EXERCISE DESCRIPTION:
Ignoring every picture, return the lines of the listing below word for word, from the line that holds "4TB wd gold 7200 256MB sata Cene" through the line that holds "LGBT activist: If".

DATA RECORDS:
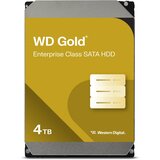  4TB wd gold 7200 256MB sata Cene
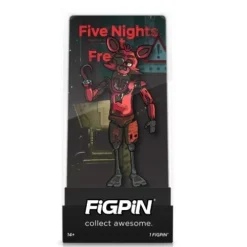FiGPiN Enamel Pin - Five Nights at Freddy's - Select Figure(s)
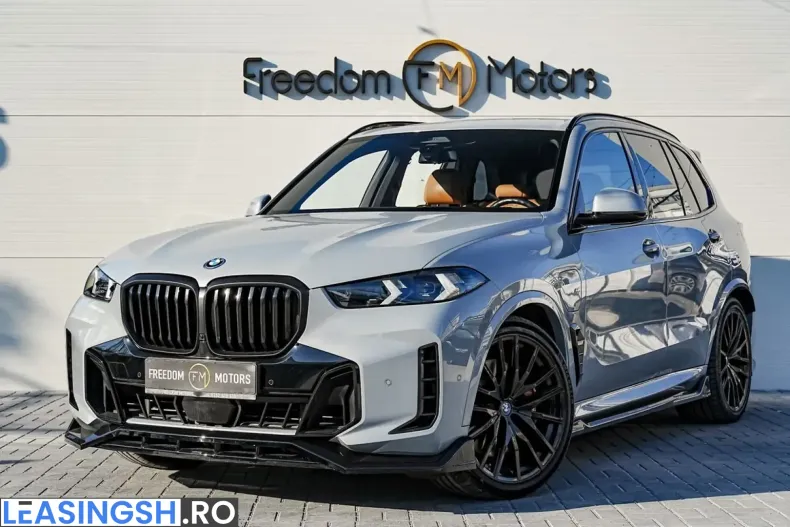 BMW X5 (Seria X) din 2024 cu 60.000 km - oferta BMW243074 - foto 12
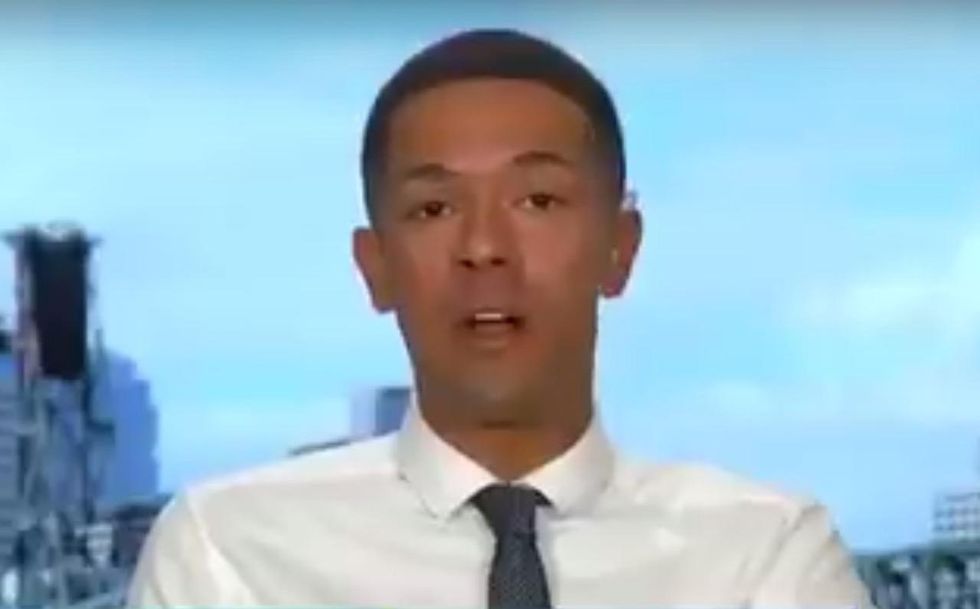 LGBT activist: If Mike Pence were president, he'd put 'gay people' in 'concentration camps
---
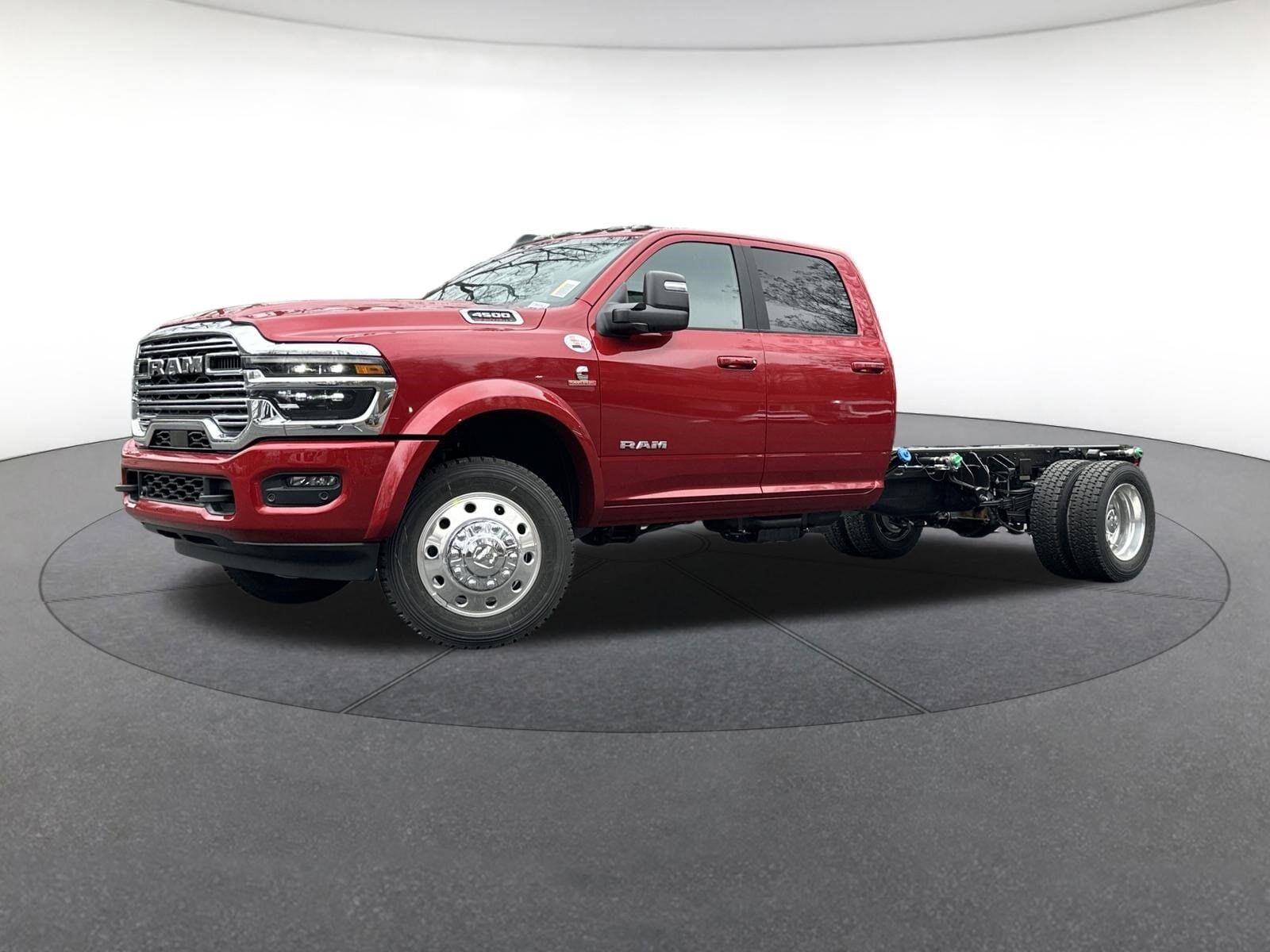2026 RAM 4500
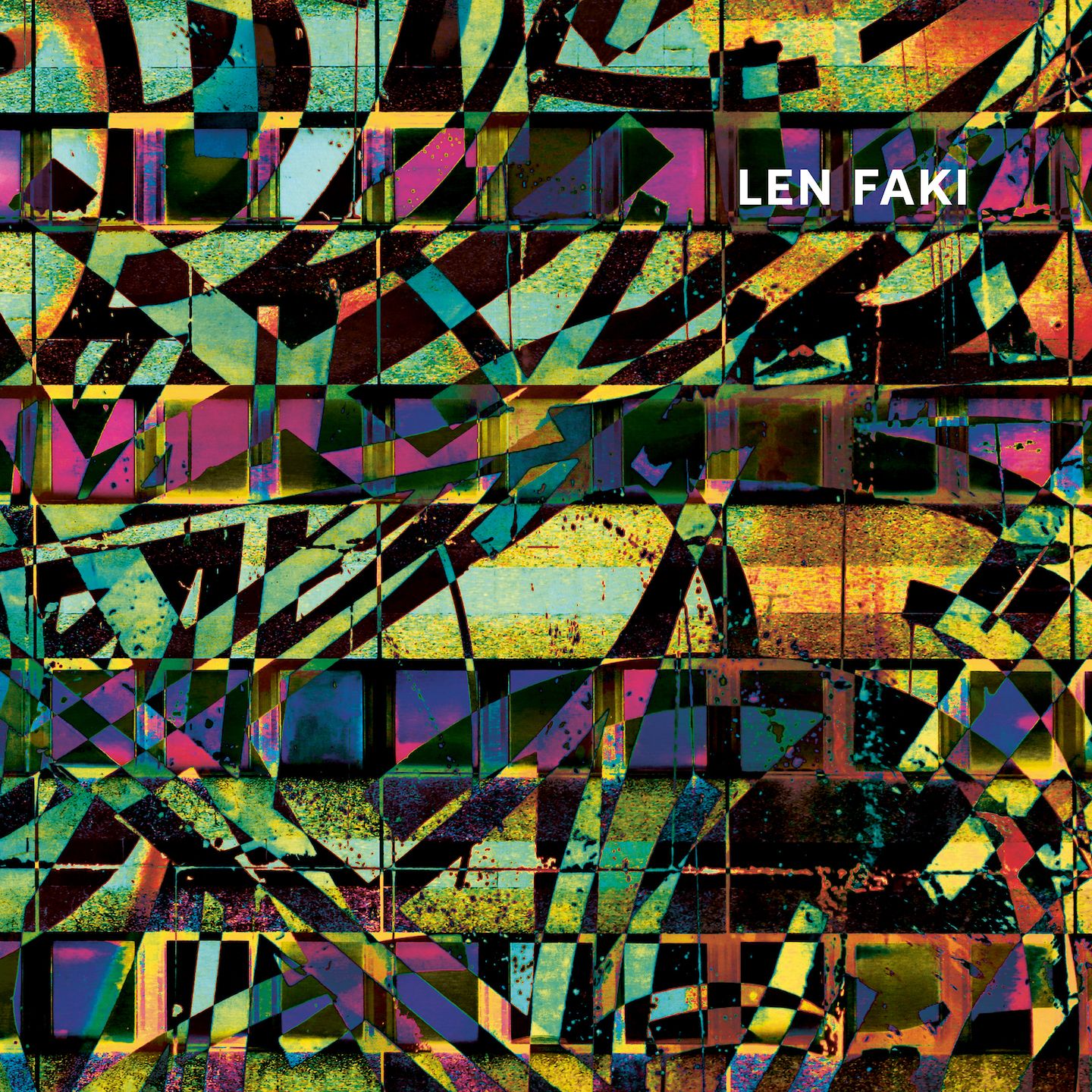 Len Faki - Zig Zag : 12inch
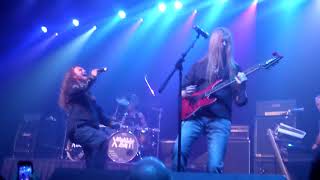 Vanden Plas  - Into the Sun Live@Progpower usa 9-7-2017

EXERCISE RESULT:
  4TB wd gold 7200 256MB sata Cene
FiGPiN Enamel Pin - Five Nights at Freddy's - Select Figure(s)
 BMW X5 (Seria X) din 2024 cu 60.000 km - oferta BMW243074 - foto 12
 LGBT activist: If Mike Pence were president, he'd put 'gay people' in 'concentration camps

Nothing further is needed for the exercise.